Overall, the quality and variety of cars were on par with previous years. Unlike the recent past, and eerily similar to Carlisle, were the long stretches of empty spots. It was not a ghost town, however, I’d estimate that 25% of available spots remained so.
The corral has changed in other ways. Way back in the 1980s and 1990s, most cars for sale were privately owned. Deals were often made among hobbyists who knew each other, or at least had a mutual friend. If buyer and seller were meeting for the first time, the sale would many times be the start of a new friendship.
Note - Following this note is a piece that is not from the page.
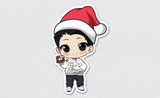 Max Park Santa Christmas Decal Sticker | SpeedCubeShop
Today, classic car dealers buy up an entire row in the corral, and place their half-dozen or dozen cars together. (You can always tell: the signage and lettering styles are identical.) Dealers are as likely to be buyers as they are sellers. Asking prices are set by picking numbers out of a hat (I kid, but you do sometimes wonder about the relationship between that number on the windshield and reality).
Dealers spew the same lines: “it’s a good car, runs good, real solid, real nice condition, all restored, very rare with these options”. The lack of specificity is jarring. Not to disparage dealers, but if you do find an individual owner who is selling, you are more likely to learn more about a vehicle’s true recent history.
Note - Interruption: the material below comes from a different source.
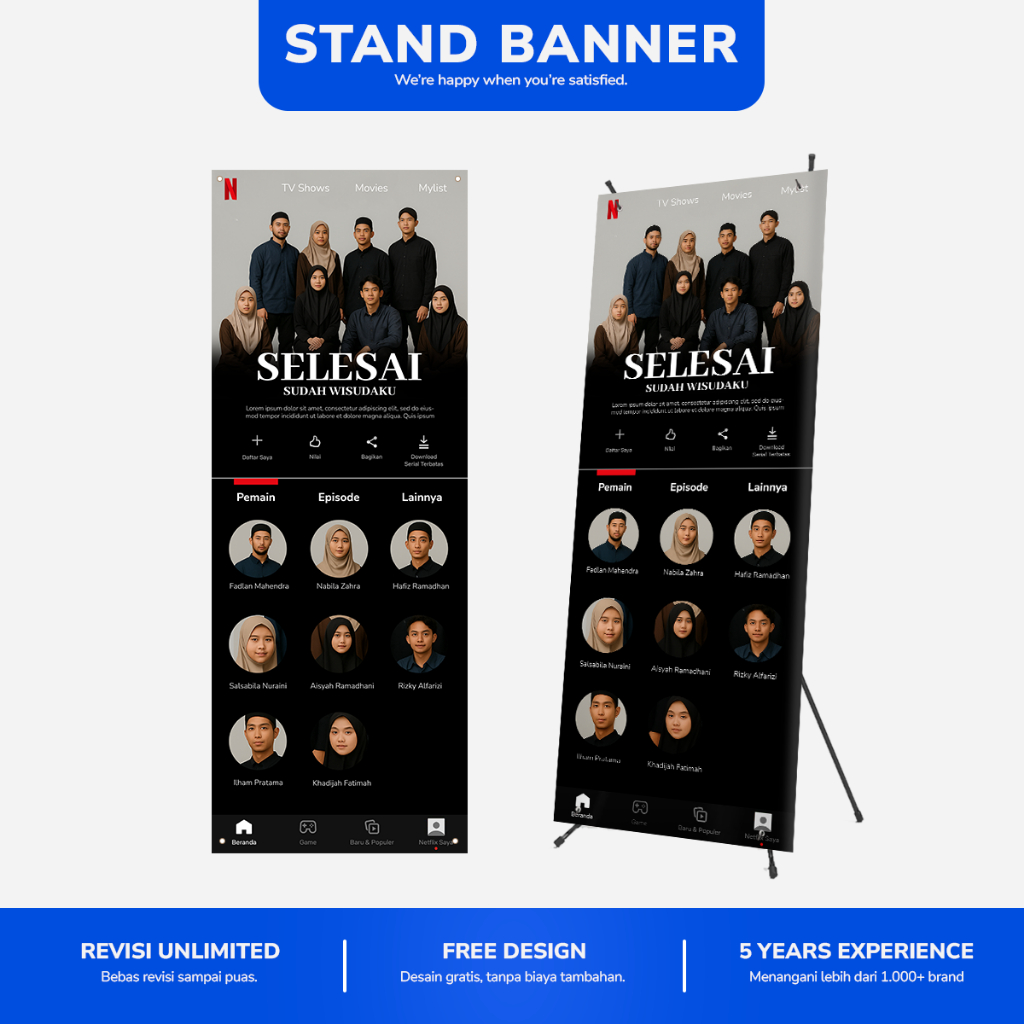 Standing Banner Custom | Stand Banner | XY Banner | Banner Wisuda | Banner Event | Banner Berdiri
A private owner will talk specifics: “I bought it 10 years ago, put 5,000 miles on it, drove it in an AACA tour five years ago, re-did the brakes two winters ago, and drove it here from Maryland”. Comments like these were actually overheard this year.
This lengthy preamble is to set the stage for my eclectic selection from the car corral. The thirty cars below are arranged in order of asking price. No attempt was made to ascertain if the seller was a private owner or dealer. While all these cars “looked good”, condition was not analyzed, and mileage was not recorded. You can presume that none was modified to be non-original. In the case of American cars, the level of optional equipment was not noted. The vast majority of signage indicated “or best offer”, so think of these prices as a negotiable starting point.
Organizing them in price ranges allows the reader to make comparative estimates regarding what your collector-car piggy bank can get you. Have fun on your imaginary shopping trip.
Part 2 will be my report on the 2017 RM Sotheby’s Hershey Auction.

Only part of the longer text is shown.